Выше шла речь о «мире желаний». Теперь границы мира как «моря» очерчиваются шире: от самой страшной из «подземных темниц», Авичи («Без Просвета»), до высшего из небес в «мире без образов» (Небо Вершина Существования). Несколько слов здесь надо сказать о разнице между «тремя мирами»: слово «чувственность» (тж. «желания», ***, яп. ёку, кит. юй, санскр. ката) приложимо и к обитателям «подземных темниц», и к «голодным духам», и к «скотам», и к «людям», и к «демонам», и к части «небожителей». Следующие два мира доступны лишь божествам и подвижникам, погруженным в созерцание (ср. выше). «Чувственности» там уже нет, два мира различаются по тому, есть ли там «образы» (тж. «плоть», ***, яп. сики/ироу кит. сэ, санскр. rupa). Здесь важно то, что с отсутствием «чувственности» у божеств связаны их весьма долгие сроки жизни и их «блаженство» (и могущество). А «отсутствие плоти» мыслится, говоря упрощенно, как следующая степень той же независимости от окружающего мира, а значит, как следующая степень «блаженства». Но так или иначе, обитатели всех миров подвержены действию закона причин и последствий, и следовательно, входят в тот же мир «рождений и смертей».

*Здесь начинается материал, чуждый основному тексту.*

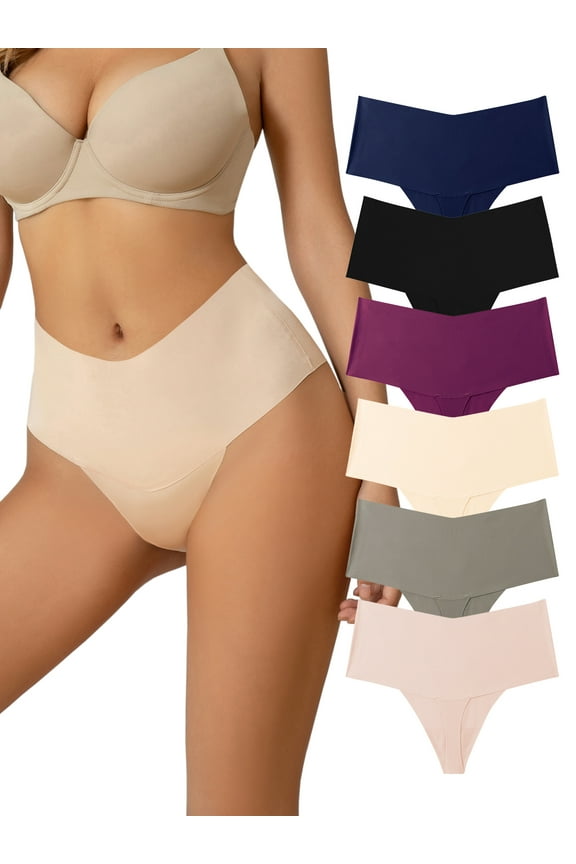 Women's Seamless Thongs Mid Waisted Comfortable Underwear for Women 6 Pack,Size 5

Далее речь пойдет о том, что же в этом мире противостоит рождению и смерти. Снова появляется образ корабля в бурном море (ПМ 71-72) или повозки на опасной дороге (ПМ 73-74). Упоминаются «пять заповедей» (ПМ 71 - ср. выше) и «десять добрых дел» (противоположность «десяти зол»). Им мешают «буйство» и «злоба», представленные в виде страшных демонов. Но по тому же закону причин и последствий сердце, желающее преодолеть круговорот рождений и смертей, может достичь плода своих устремлений. Это достижение столь же закономерно, как смена дня и ночи (ПМ 75-76), хотя достичь того уровня, где природа мира совпадает с природой будды, так же трудно, как опуститься на дно бездонного моря (ПМ 77-78).

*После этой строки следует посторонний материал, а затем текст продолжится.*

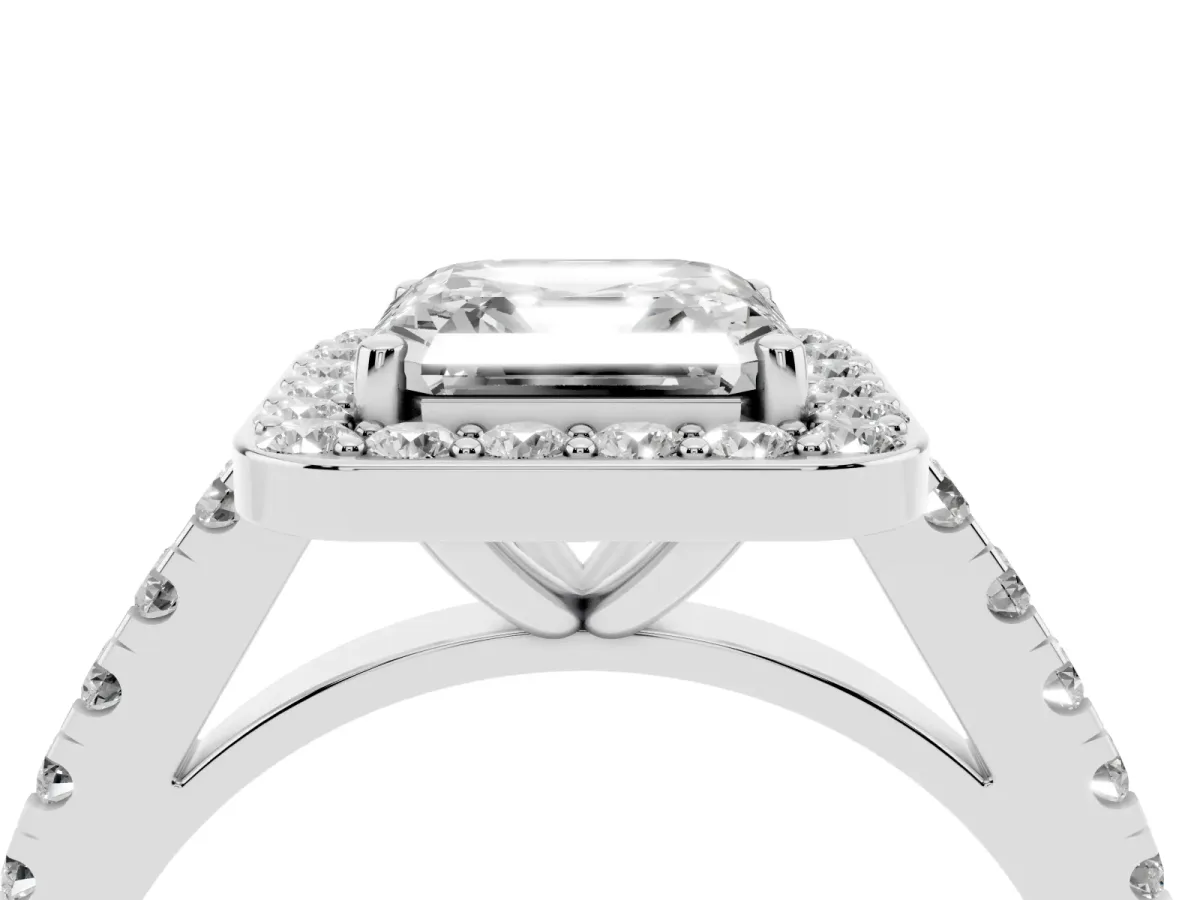 Asscher Cut Diamond Halo Ring with Round Pavé Split Shank and Prong Setting Silver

Образ плавания по морю разворачивается. Кораблем для такого плавания может послужить «плот шести ступеней» - то есть шести «переправ», парамиту известных из махаянского учения, шести действий, с помощью которых можно «переправиться на тот берег, стать буддой (ПМ 79). По-другому этот корабль можно назвать «лодкой восьми правил» (имеется в виду «благородный восьмеричный путь» - ПМ 80). Оснащение корабля и мореплавателя соотносится с некоторыми из элементов двух названных перечней: так, «продвижение к сути» (***, яп. сэйдзин, кит. цзинцзинь) входит и в «шесть переправ», и в «восемь правил», а «размышление», «терпение» и «мудрость» - в «шесть переправ» (ПМ 81-84). Кроме того, названы «семь прозрений» (ПМ 85) и «четыре мысли» (ПМ 86, ср. выше): благодаря им можно выбраться за пределы мира-«моря». Четыре отсылки к притчам из «Лотосовой сутры» (ПМ 87-90) подтверждают, что [361] достигнуть всего этого можно уже в нынешнем рождении. Представляется, что важно здесь не столько содержание соответствующих эпизодов сутры, сколько ее общая направленность: та мысль, что достигнуть просветления может каждый.

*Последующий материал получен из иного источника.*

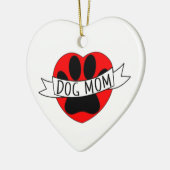 Dog mam Paw en Red Heart Tekening Keramisch Ornament (Links)
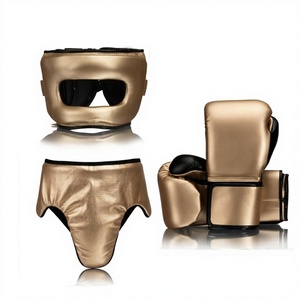 Ensemble de protection pour la tête et les gants de boxe en or, équipement de protection pour le kick-boxing, pour l'entraînement aux arts martiaux - Product Image 5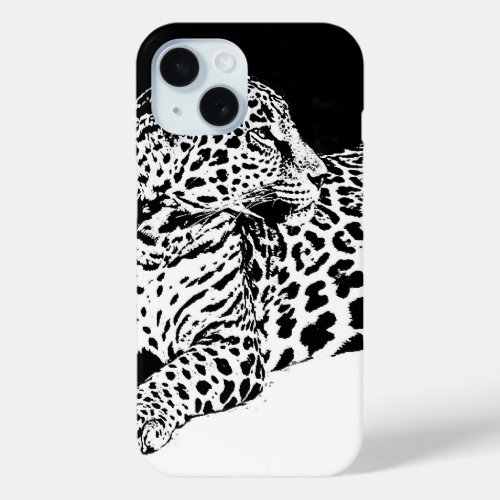 Black  White Leopard iPhone 15 Case
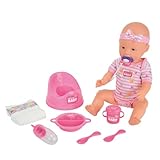 Simba - New Born Baby - Poupon Rose Boit Fait Pipi - 43cm - Nombreux Accessoires Inclus - 105039005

Хотя путь к просветлению и долог (ПМ 91-92), но все промежуточные ступени на этом пути не сравнимы (ни по трудности, ни по своему величию) с тем, что происходит «на том берегу», в конце пути. Это главное событие описано не только как избавление от «тягот», но и как «свидетельство», то есть выявление природы будды внутри самого себя. Будда здесь назван «Почитаемым», чья природа не определима словами, но может быть обозначена только как «истинная таковость» (***, яп. синнё, кит. чжэньжу, санскр. tathata - ПМ 93). Вместе с тем, будда - государь (со всеми теми отсылками, которые связаны с понятием «государя» во внешних учениях: конфуцианском и даосском). Обращение к нему предполагает «опору» (***, кит. тай, яп. тай) на «два колеса», два главных понятия, вокруг которых вращается буддийская проповедь: это просветление, бодхи, и успокоение, нирвана. Отметим, что ни то, ни другое понятие в «Песни» Камэй-Коцудзи прямо не названы (таково требование жанра фу как песни-загадки, ср. выше). Поскольку «таковость» во всех существах «едина» (каждое из них - будда), постольку для «сердца» больше нет ни ближних, ни чужих; мудрость будды, подобная зеркалу, так отражает мир, что в нем нечего хвалить и нечего порицать. Рождение и смерть тем самым преодолеваются, достигается совершенство, покой, «необусловленность» - то же слово, что даосское «недеяние» (***, кит. увэй, яп. муи).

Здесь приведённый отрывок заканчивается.